Summary of impact: Between 07:15 on 08 Apr 2017 and 04:00 UTC on 11 Apr 2017, customers using Azure IoT Suite may have been unable to provision solutions. Engineers recommended deploying from an MSbuild prompt using code at . Existing resources were not impacted.

Preliminary root cause: Engineers identified a recent change to backend systems as the preliminary root cause.

Mitigation: Engineers deployed a platform hotfix to mitigate the issue.

Next steps: Engineers will continue to investigate to establish the full root cause and prevent future occurrences.

4/11

IoT Suite - Failures Provisioning New Solutions

Summary of impact: Between 07:15 on 08 Apr 2017 and 00:00 UTC on 11 Apr 2017, customers using Azure IoT Suite may have been unable to provision solutions. Engineers recommended deploying from an MSbuild prompt using code at . Existing resources were not impacted.

Preliminary root cause: Engineers identified a recent change to backend systems as the preliminary root cause.

Mitigation: Engineers deployed a platform hotfix to mitigate the issue.

Next steps: Engineers will continue to investigate to establish the full root cause and prevent future occurrences.

4/6

App Services - North Europe

Summary of impact: Between 17:45 and 19:42 UTC on 06 Apr 2017, a subset of customers using App Services in North Europe may have received HTTP 500 errors or have experienced high latency when accessing App Service deployments hosted in this region.

Preliminary root cause: A backend node went into a unhealthy state.

Mitigation: Engineers deployed a platform hotfix to mitigate the issue.

Next steps: Engineers will continue to investigate to establish the full root cause and prevent future occurrences.

4/6

RCA - App Service \ Web Apps – North Europe

Summary of impact: From 10:00 to 15:25 UTC on 6 April, 2017 a subset of customers using App Service \ Web Apps on a single scale unit in North Europe may have experienced intermittent HTTP 500 errors, connection timeouts or latency issues while using their App service applications.

Root cause: The root cause for this issue was a bug in the infrastructure layer that only manifests itself while scaling out front ends under high load. This bug introduced incompatible metadata on the front ends in the scale unit and prevented them from servicing requests successfully. The issue was automatically detected and Engineers mitigated the issue by updating the impacted infrastructure components. A long term fix to prevent future recurrences is also being deployed.

Next steps: We are continuously taking steps to improve the Microsoft Azure Platform and our processes to help ensure such incidents do not occur in the future, and in this case it includes (but is not limited to):

1) Deployment of a long term fix to infrastructure layer.
2) Updated threshold to enable posting to the Azure Service Health Dashboard in case of significant impact to a single scale unit.

March 2017

3/31

RCA – Cloud Services and Virtual Machines – East US 2

Summary of impact: Between 14:00 UTC on 30 Mar 2017 and 22:05 UTC on 31 Mar 2017, a subset of customers using Cloud Services and Virtual Machines in the East US 2 region may have experienced slowness, degraded performance, or connection failures when accessing Azure resources in this region. The root cause was due to an unhealthy aggregation layer network device in the East US 2 region. The aggregation layer device was removed from service to mitigate the issue. This alleviated network congestion and restored network health to customer Virtual Machines.

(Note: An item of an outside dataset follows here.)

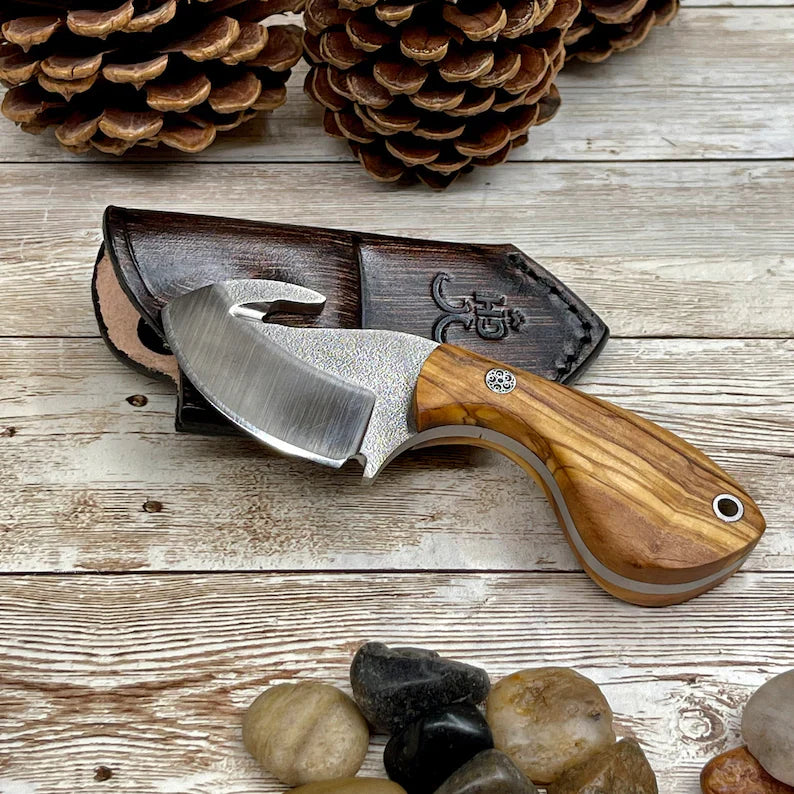 Gut Hook Skinning Knife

Root cause and mitigation: An aggregation layer network device in the East US 2 region experienced link error issues on 20 Mar 2017. The affected link was removed from service. Due to the configuration on an upstream router, an aggregated bundle of links was removed from service, reducing total available uplink bandwidth by 50%. On 30 Mar 2017, this reduction in bandwidth combined with an increase in normal traffic to cause congestion and packet loss. Mitigation was achieved by removing the unhealthy aggregation layer network device from service.

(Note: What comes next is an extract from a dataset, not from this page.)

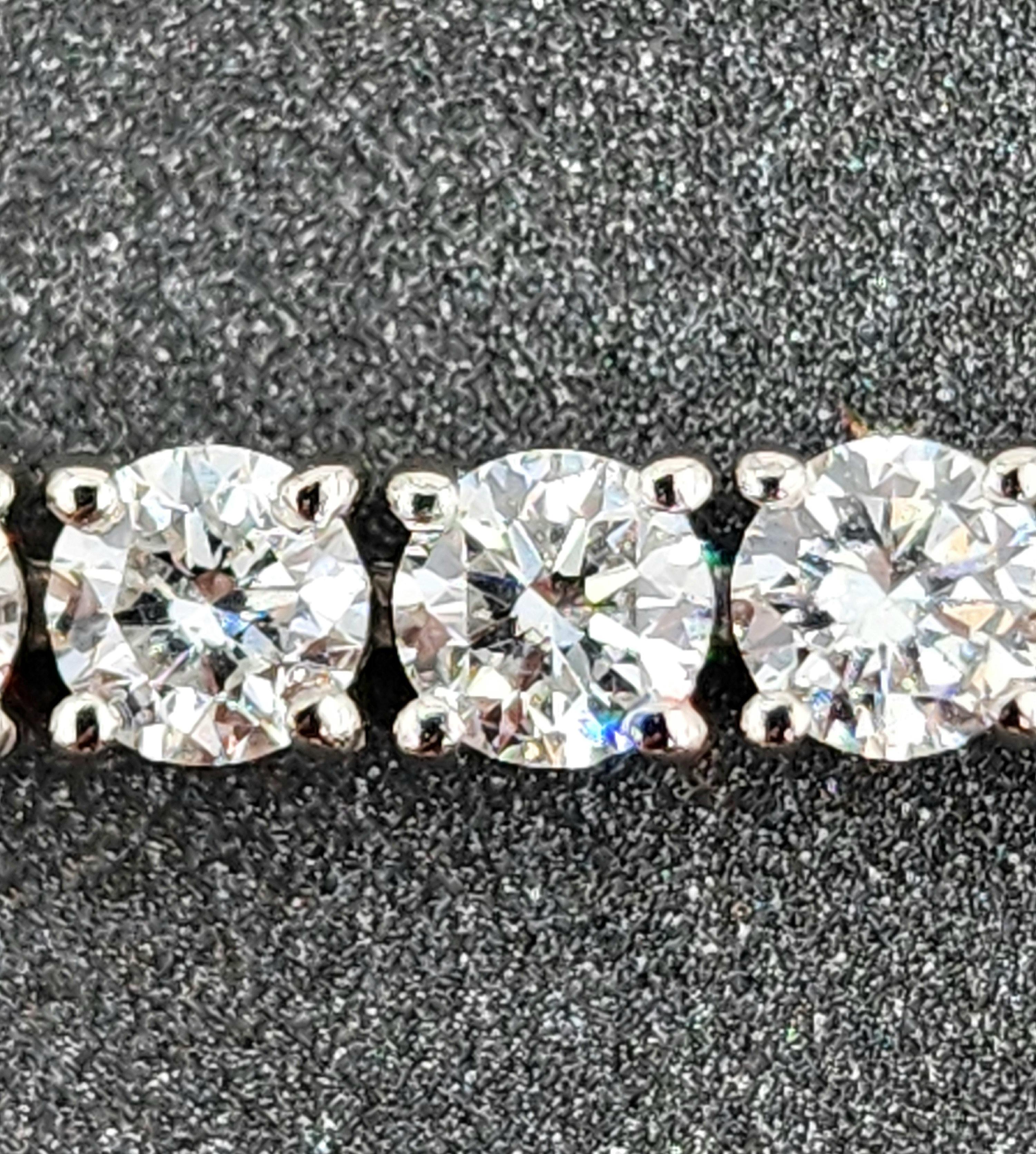 Taille ronde Bracelet de tennis en diamant de 7.29 ct en vente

Next steps: We sincerely apologize for the impact to affected customers. We are continuously taking steps to improve the Microsoft Azure Platform and our processes to help ensure such incidents do not occur in the future. In this case, this includes (but is not limited to):

1) Repair congestion alerting services for aggregation devices in East US 2.
2) Update the link error process for aggregation devices to ensure that bundles remain in service.

Provide feedback: Please help us improve the Azure customer communications experience by taking our survey

3/31

RCA – Cooling Event – Japan East – Additional Information

Summary of impact: Between 11:28 UTC and 22:16 UTC on March 31 2017, a subset of customers in Japan East region may have experienced unavailability of Virtual Machines (VMs), VM reboots, degraded performance or connectivity failures when accessing those resources or/and service resources dependent upon Storage service in this region.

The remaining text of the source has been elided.